How Kiyochika learnt to paint is unknown. There is little evidence that he ever trained in the Japanese style, but seems to have had some rudimentary training in Western painting under Charles Wirgman, an English artist and cartoonist — although there are reports that he hated the smell of oil paints so much that he abandoned the medium almost immediately. He was, however, inspired by Western realism and impressionism, and this filtered through into his work.

This modern take on painting reflected the fast-modernising world Kiyochika experienced around him. His family were wealthy and respected under the rule of the Tokugawa Shogun, however when the shogun was deposed during the Meiji Restoration, they lost everything and went into exile. When Kiyochika eventually returned to Tokyo, the place of his birth, in 1874, he found it had entirely transformed. The Meiji government had opened Japan’s borders and, after years of isolationist rule, engineers, scientists and architects from the West began to pour in. Tokyo was now filled with brick buildings, trains and railways lines, telegraph poles and steamships.

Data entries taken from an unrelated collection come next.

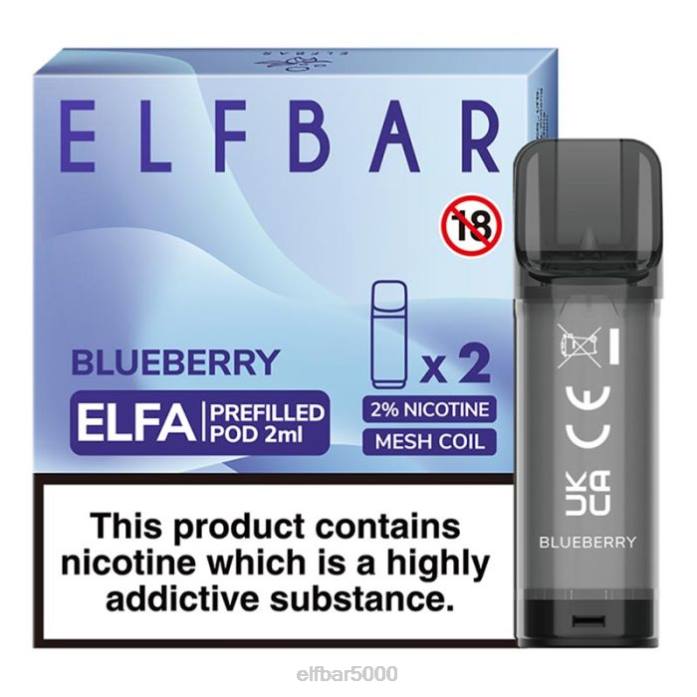 elfbar elfa užpildyta ankštis - 2ml - 20mg (2 pakuotės) sultingas persikas - ELF BAR Disposable Pods V20N125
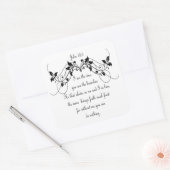 ヨハネ15:5聖書の聖なる書物、 経典私はつる植物である スクエアシール (封筒)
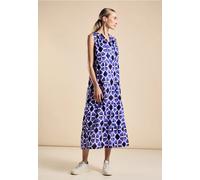 Street One Frauen Maxikleid mit Print in Blau, Gr: 38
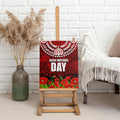 New Zealand ANZAC Waitangi Day Canvas Wall Art Hei Tiki and Soldier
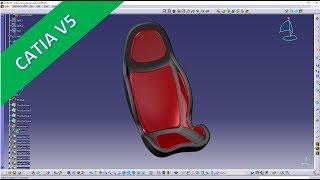 Racing Car Seat - Catia v5 Training - Part Design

Kioychika began painting the cityscape in the ukiyo-e woodblock tradition, but with shading and perspective influenced by Western art, juxtaposing the elements of the traditional Japanese past with the modernising West. This choice of subject matter makes Kiyochika’s work stand apart from other practitioners of the style, which traditionally depicted ghosts and demons, legends from Kabuki, or samurai and historical figures. After the Tokyo Fire of 1881, Kiyochika stopped producing these landscapes — although the images he painted of the fire would come to inspire his depiction of bombshell blasts and explosions in his war prints.

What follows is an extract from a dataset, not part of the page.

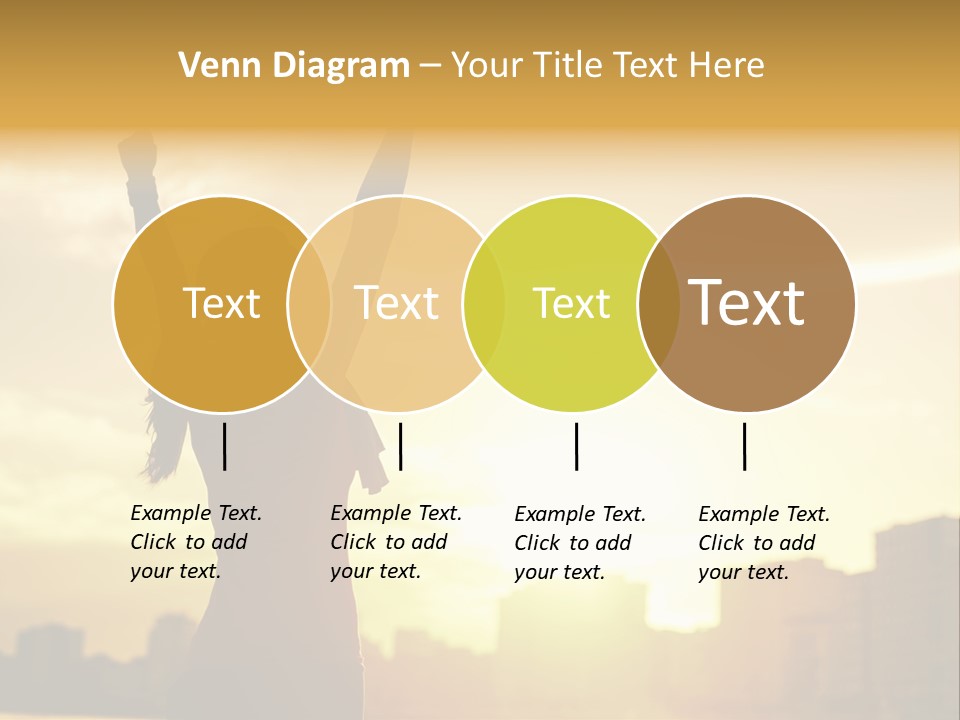 Backlit Vitality Workout PowerPoint Template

Perhaps influenced by Wirgman, Kiyochika moved into producing satirical cartoons for newspapers. Cartoons, as a medium that could easily be understood by both Japanese readers and those in the West, appealed to Kiyochika and he soon became the main illustrator for Marumaru Chinbun, a satirical newspaper sometimes compared to Punch. A talented caricaturist, his depictions of politicians and military figures were so recognisable that they did not need to be labelled. Due, in part, to his family’s loss of stature following the Meiji Restoration, Kiyochika was powerfully anti-government in his stance, and often was subject to legal action and prosecution for his cartoons — even serving several stints in prison for his controversial rendering of high-profile government figures.

Given this long-held opposition to the government, it is perhaps surprising that he turned his hand to government propaganda — first with a set of 1895 prints depicting scenes from the First Sino-Japanese War, and then almost ten years later, with the scenes featured here. His satirical cartoons were far removed from the patriotic war prints he produced during this time, although we plainly see his skill as a caricaturist in his images of the Russian soldiers, his interest in modern technological developments, and his continued affinity for Western realism. It is possible that he discovering a nationalistic streak during wartime, but it is also true that cartoonists can be efficient instruments of propaganda, and these prints proved very popular at the time.

After the end of the war, Kiyochika never again achieved the same level of popularity, and returned to painting landscapes.